Halaman

Minggu, 01 Oktober 2017

dikotomi Pancasila, rakyat membentuk karakter ideologi vs ideologi menentukan karakter penguasa




dikotomi Pancasila, rakyat membentuk karakter ideologi vs ideologi menentukan karakter penguasa

Sila-sila dalam Pancasila, diangkat dari kisah nyata kehidupan sehari-hari rakyat. Kendati saat itu masih dalam suasana cengkeraman, penjajahan oleh bangsa lain. Rumusan Pancasila mengalami penyesuaian secara politis, mengakomodir tuntutan dari pihak tertentu.

Dapat diartikan bahwa Pancasila adalah ideologi orang Indonesia asli.

Pasca reformasi yang bergulir mulai dari puncaknya, 21 Mei 1998, yaitu dengan gemilang berhasil me-lengserkeprabon-kan presiden kedua RI. Maka tak ayal, pihak peubah sila pertama Pancasila, berlanjut dengan generasinya untuk bermanuver, gerilya politik.

Mereka, selain ada generasi peubah sila pertama Pancasila ada juga anak cucu ideologis komunis. Agar tampak patriotik, heroik, cerdas idiologi mereka seolah-olah merasa prihatin dengan status peran, posisi, kedudukan Pancasila terkini. Seolah Pancasila sudah ketinggalan zaman.
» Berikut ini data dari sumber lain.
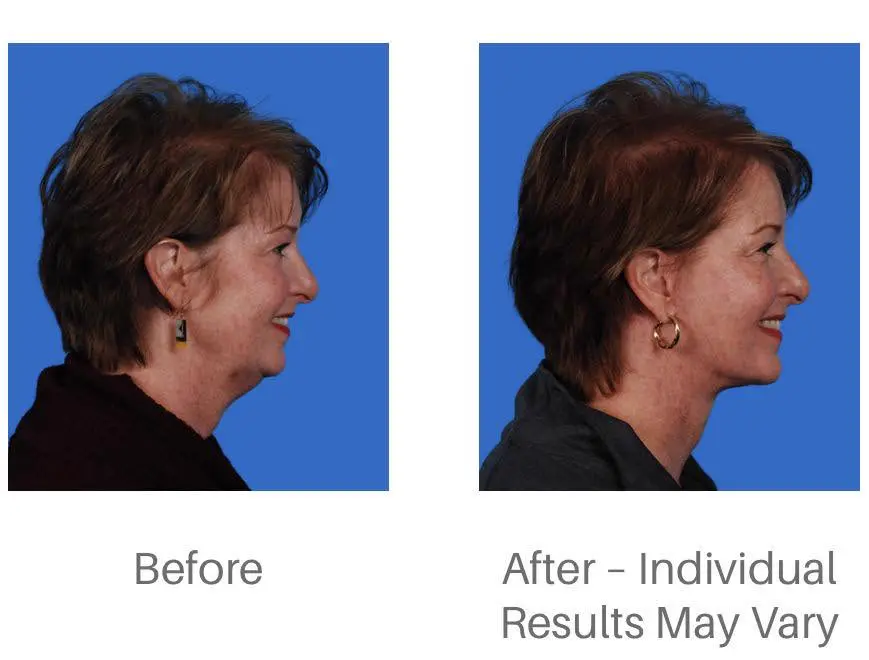 Why the Neck Often Reveals Your Age Before Your Face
Tidak mampu mencegah tangkal arus masuk budaya asing. Tidak mampu menjaring dan menyaring rembesan ideologi mancanegara.

Bahkan Indonesia dengan semangat rekonsiliasi seolah melupakan sejarah hitam bangsa atas pengkhianatan PKI, 1948 dan 1965. Ingin berdamai dengan dalang, donator dan investor politik dari negara paling  bersahabat.

Jangan heran kawan, periode 2014-2019, terjadilah pencampuradukkan antara “musuh rakyat” dengan “musuh negara”. Kasus penistaan agama oleh gubernur DKI Jakarta aktif 2012-2017, seolah membuka peluang sebagian penguasa untuk umbar ujar kebencian, menggandakan gosip nafas setan. Tindak tutur penguasa, sipil maupun aparat keamanan, menjadi bebas bea. Melawan lawan yang bukan klasnya, tanpa malu, tanpa sungkan, tanpa ragu, dan teganya tega akan bersegera menggunakan senjata pamungkas. Apalagi ramuan ajaib tidak manjur.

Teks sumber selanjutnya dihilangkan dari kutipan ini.